This resolution would attempt to use the Congressional Review Act to prevent the DOL from implementing the rule or issuing a substantially similar rule without congressional authorization.
A similar measure was introduced in the Senate by Senators Johnny Isakson (R-GA) Lamar Alexander (R-TN), and Mike Enzi (R-WY), who said in a joint statement that they have also introduced a resolution of disapproval under the Congressional Review Act. However, effective use of the Congressional Review Act requires President Obama's signature, which is highly unlikely since his administration has pushed for finalization of this very rule.
The rule expands the definition of a “fiduciary” as a person who receives compensation for providing advice based on the particular needs of the person being advised or if he or she directs that person to a specific plan sponsor, plan participant, or individual retirement account (IRA) owner.
We previously expressed support for the goal of this rule to protect investors and encourage all advisors to act in the investor’s best interest.

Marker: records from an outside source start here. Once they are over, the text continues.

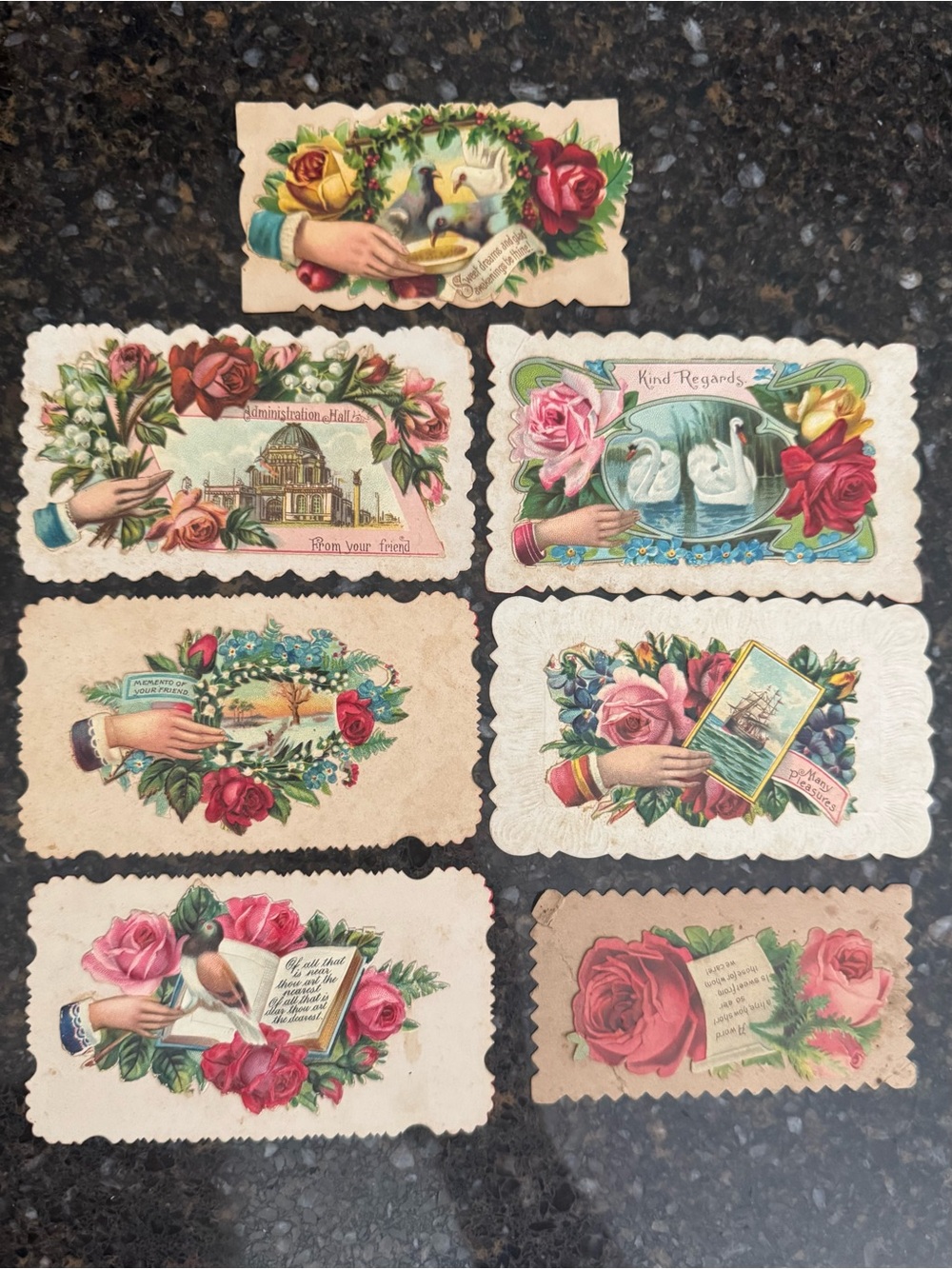 7 Antique Victorian 1893 Chicago Worlds Fair Die Cut Friendship Calling Cards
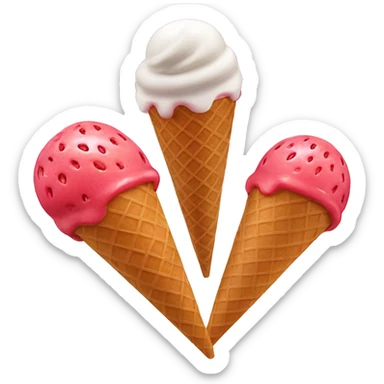 Two strawberry ice cream scoops in a cone sticker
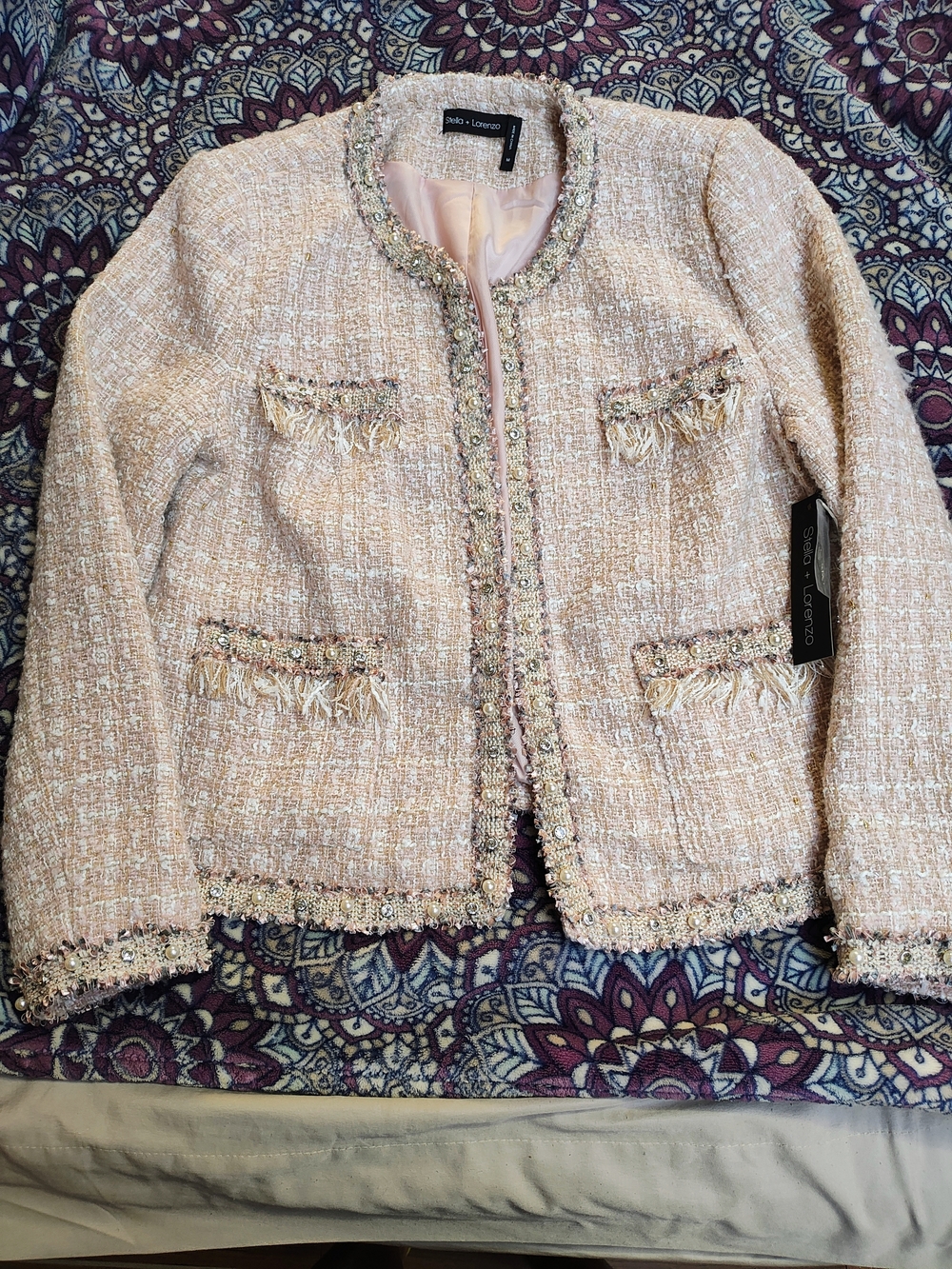 Stella + Lorenzo BlushTweed Fringe Trim Jacket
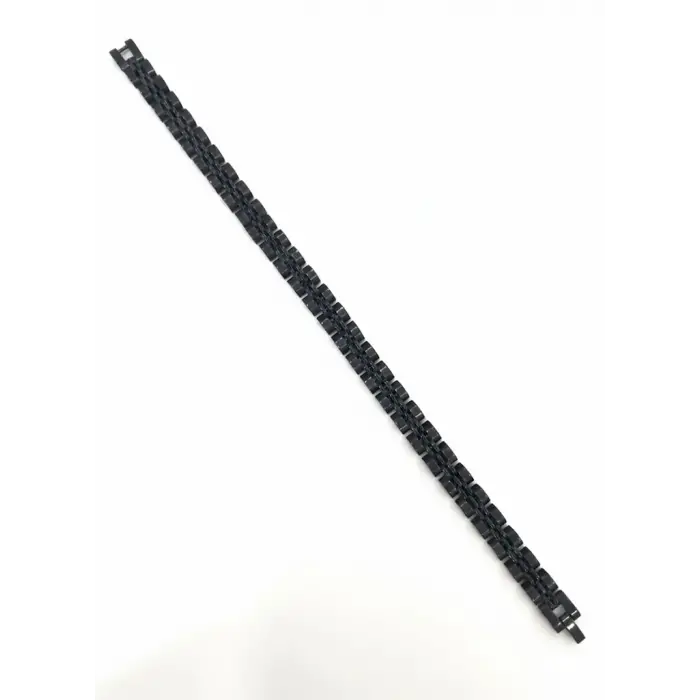 Siyah Çelik  Erkek Çelik Bileklik Boy 21.5 Cm / En 0.8 Mm  - Ebl0069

However, we raised concerns in letters to the Department of Labor and to Congress about the overly broad definition of what is considered investment advice, and took issue with the proposed “education carve out” for the rule which it did not believe went far enough.
The final rule included some clarifications about what is considered education and advice, which are outlined in full in CUNA’s Removing Barriers Blog. In our letter to the DOL we wrote, “Another potential compliance consideration for credit unions is that the definition of “education” and the “education carve-out” are overly broad in the rule, and as written, do not provide credit unions full assurances that they are not included.”
The final rule specifically addressed this stating, “In particular, they [commenters] worried that the provisions could be read to create an implication that any communication that did not technically meet the conditions of a specific carve-out would automatically meet the definition of investment advice. This was not the Department’s intention, however, and the Department no longer uses the term “carve-out” in the final regulation.”
These clarifications will help credit unions to continue to have important conversations with their members about financial education, and allow them to provide general information about saving and planning for the future without fear of triggering the rule.
The final rule also contains CUNA-requested clarifications on the Best Interest Contract Exception (BICE), which is only applicable to financial institutions that acknowledge fiduciary status, which would at the very least include CUSOs. The changes clarify that members would not immediately have to sign a contract upon entering into a conversation concerning investment options, which was previously not clear in the proposed rule.
We remain aware that parts of this rule will add compliance burdens to credit union service organizations (CUSO), and potentially credit unions offering certain product and services, so will continue to monitor these resolutions.